Here's what I know: 

    1. When I purged last spring, I got rid of too many of my socks. I've stolen a pair from EW twice so far. (Don't tell him, he won't know since he hasn't had time to read the blog.)

    2. Saying good-bye to close friends and family is harder when you don't go after saying goodbye. 

    3. Both EW and I keep singing a Dan Hicks song (We love Dan Hicks) "How Can I Miss You When You Won't Go Away"

    4. When we go we will leave very early in the morning and head to Gloucester, Massachusetts. If weather and tide are good we'll stay one night and head to the Cape Cod Canal. After the canal we'll stay overnight and (if the weather is good) head outside of Long Island to Delaware Bay. That leg will include an overnight passage. If the current and winds are right we'll go up the Delaware Bay to the Delaware Canal that will take us to the Chesapeake. If the current and winds aren't right we'll probably anchor in Atlantic City as we've been told that has a good anchorage. Once we get to the Chesapeake, we'll anchor there, visit with friends and family and continue to work on the boat. We cannot go south of Hatteras SC until after November 11 due to insurance (hurricane season). 

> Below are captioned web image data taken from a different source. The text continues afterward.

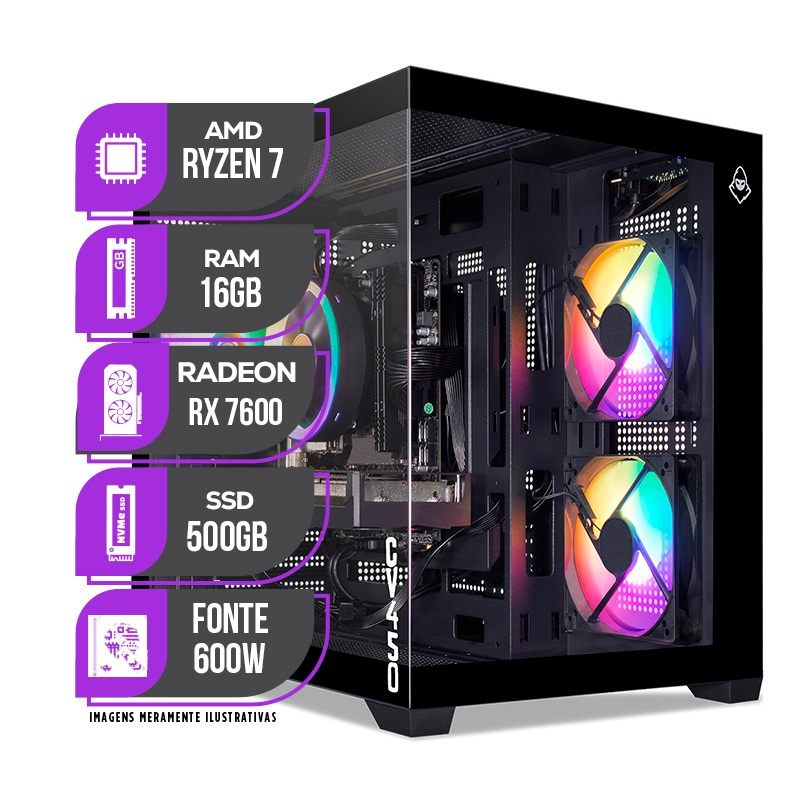 PC Gamer Mancer, Amd Ryzen 7 5700X, Water Cooler, RX 7600 8GB, 16GB — Games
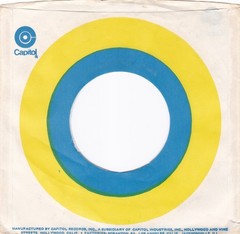 Mixed Lot of 2 CAPITOL YELLOW BLUE CIRCLES 7″ 45 RPM Original Record Co. Sleeves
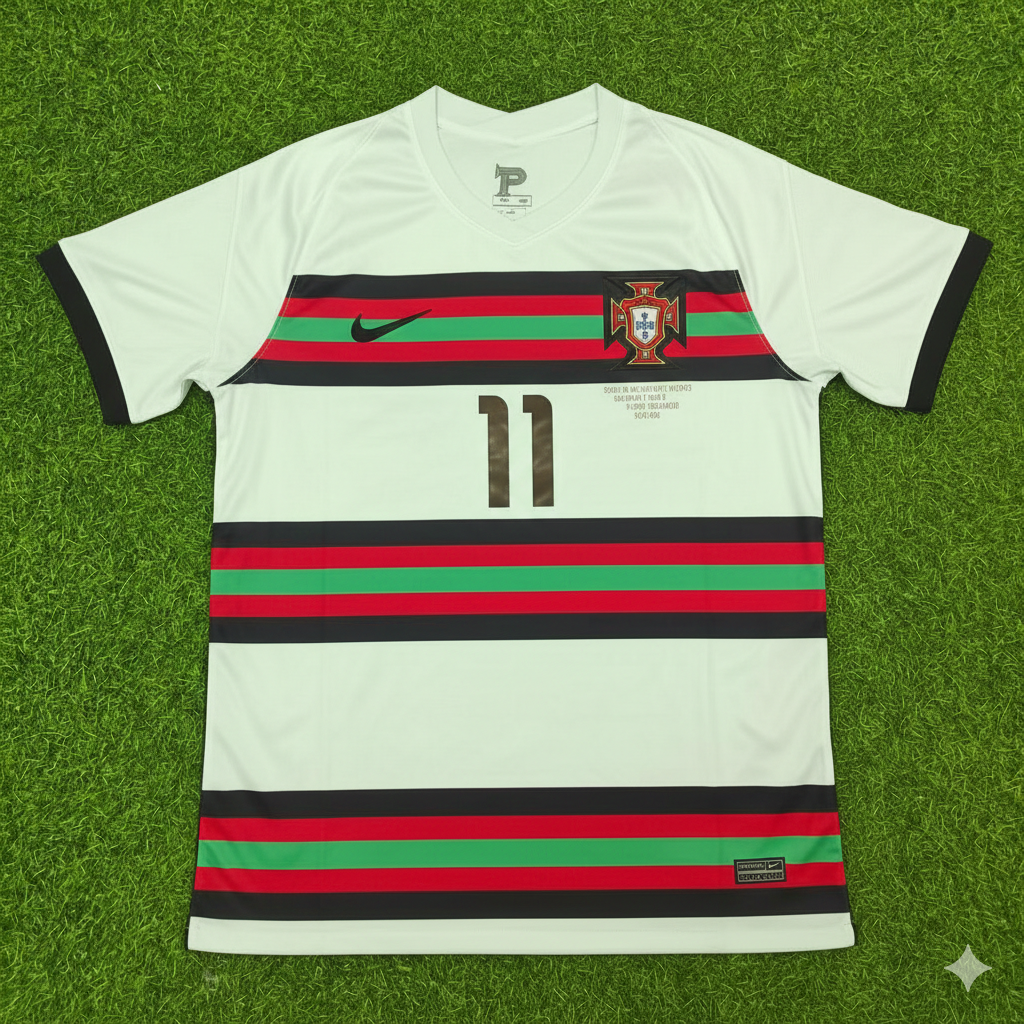 2020 Portugal EURO Bruno Fernandes Retro Away Football Jersey – Front View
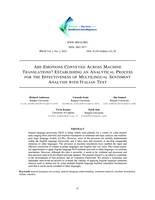Are emotions conveyed across machine translations? Establishing an analytical process for the effectiveness of multilingual sentiment analysis with Italian text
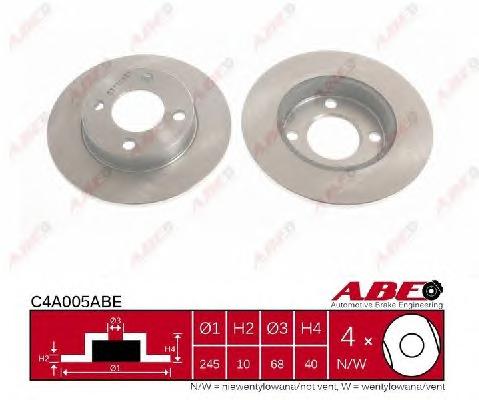 Диск тормозной задний (невентилируемый) (в упаковке два диска, цена указана за один) (ABE) - фото 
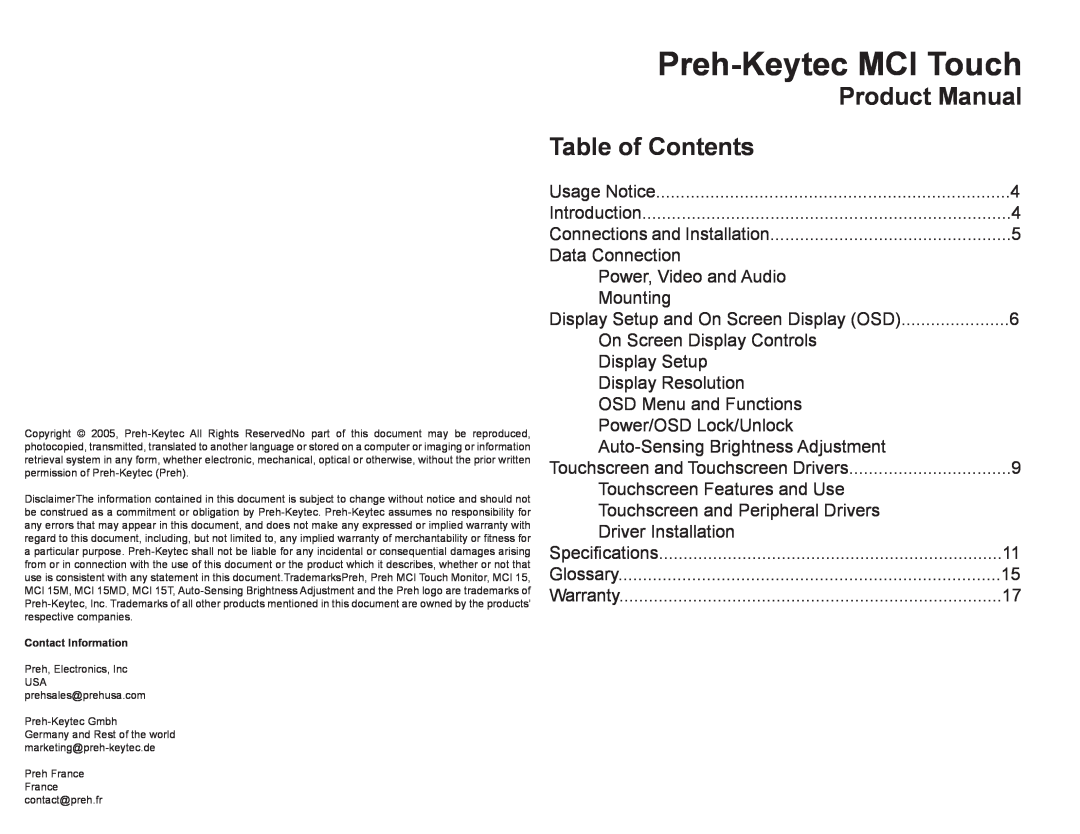 Preh MCI 15T manual Preh-Keytec MCI Touch, Product Manual, Table of Contents 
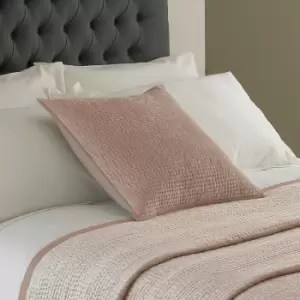 Image of Paoletti - Brooklands Velvet Embossed Quilted Cushion Cover, Blush, 55 x 55 Cm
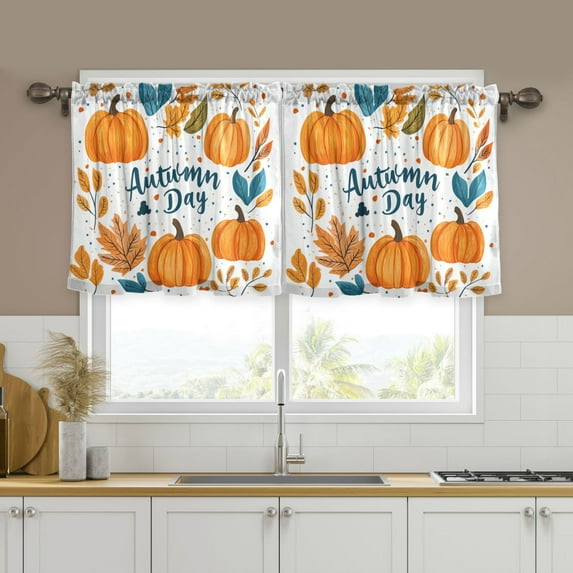 Yayeee Kitchen Curtains Tier Set of 2 Light Filtering 57"x36" Over Sink Window Panels, Pumpkins Pattern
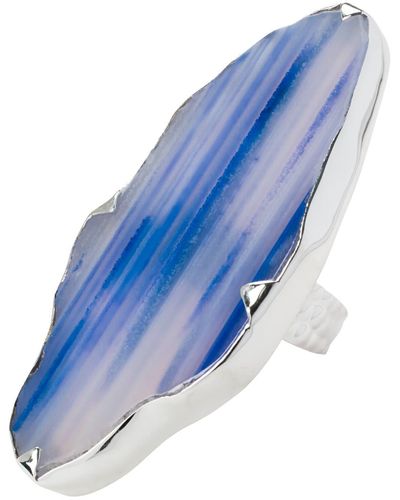 YAA YAA LONDON Sterling Silver Grande Blue Lavender Gemstone Adjustable Ring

    5. I'm trying to enjoy the moment and embrace my inner cruiser. But I don't always succeed. 

So, to end this post, I give you three funny stories from the past week:

Story #1

    I was in Portland and EW was aboard La Luna rearranging things so that Mickey had room to work. EW called to let me know that we were invited to lunch the next day with a friend who was celebrating his birthday. I said, "I think there are some good birthday cards in the forward cabin."  EW  immediately replied, "There is no forward cabin." We bought a card. The forward cabin is currently lost under a pile.

Story # 2

   I was in Portland to have a "last" lunch with K, a woman who has been a dear friend since we were 10 years old. This was a tough good-bye lunch and also celebrated my October Birthday. (More about that later.) When K presented me with the perfect birthday card, I immediately teared up. She waved her finger and said, "There is no crying at lunch!" Really? Well there wasn't but there was crying at Borders when we finally parted after shopping together. "There is no crying at lunch" has become my response to a number of things. 

Story #3

   This morning, EW dropped me off at the Bowdoin Library so I could get some work done on the computer while he ran errands. One of those errands was to drop the returnables off at CLYNK . I told him that the bag may not have a sticker but I had one in my purse, found it for him and put it on the console. I didn't hear a response. "Hello?" I said. "You there?" (I'm sitting next to him in the car, remember.) "What?" Said EW. "Did you hear me about the sticker, you didn't acknowledge me." "I did," he said. "I said, "huh". I started to giggle, then I laughed until I cried. He started laughing at me. Finally I said, " 'Huh' is not acknowledgement. 'Yes, Dear' is acknowledgement. 'OK' is acknowledgement. A soft unheard 'huh' is nothing." Just so he knows.  I also taught him to text so he can contact me at the library. He's all over it. And he acknowledges every one of my texts. Lesson learned. 

Finally, today's disclaimers.

1. I mentioned and provided links to Great Island Boatyard, Great Water, Inc., The Landing School, and CLYNK today. None of them know I did this and none of them paid for any advertising. I did not ask for any discount. They do good work. Mickey is this week's boatyard hero. 

2. EW is a good sport. Thank heavens. 

3. I'm thrilled we are going and we are going. You will know when it happens. I promise.